━━━━━ MATERIAL SHOWN

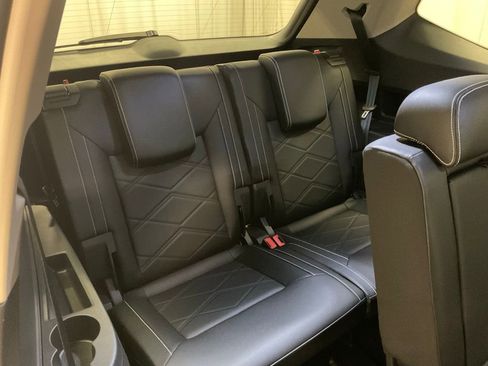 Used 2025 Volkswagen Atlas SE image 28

━━━━━━━━━━
━━━━━ MATERIAL SHOWN

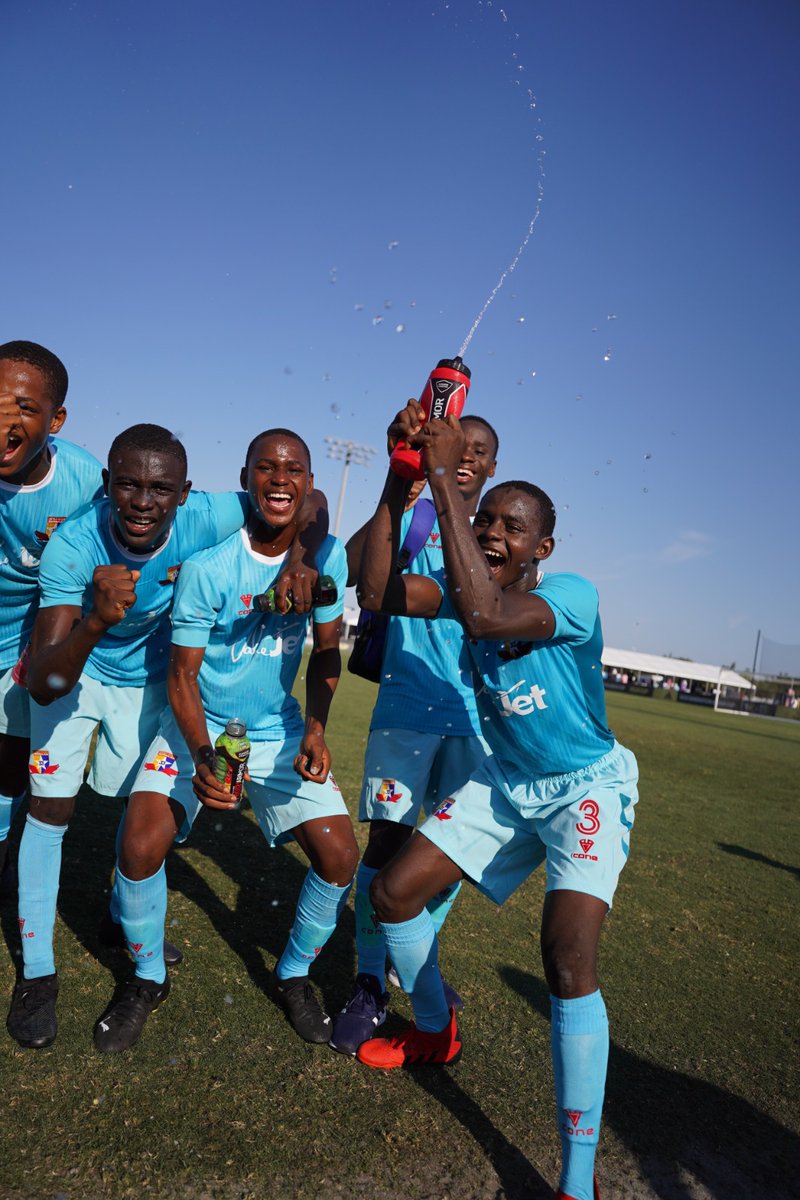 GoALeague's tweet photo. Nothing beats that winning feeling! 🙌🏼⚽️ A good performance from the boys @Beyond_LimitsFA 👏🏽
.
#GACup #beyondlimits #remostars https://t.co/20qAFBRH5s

━━━━━━━━━━

Up in the listing, locate the line with "GoALeague's tweet photo."; print it and every line after it down to the line with "#GACup #beyondlimits #remostars", which is included too. Skip the pictures.

 GoALeague's tweet photo. Nothing beats that winning feeling! 🙌🏼⚽️ A good performance from the boys @Beyond_LimitsFA 👏🏽
.
#GACup #beyondlimits #remostars https://t.co/20qAFBRH5s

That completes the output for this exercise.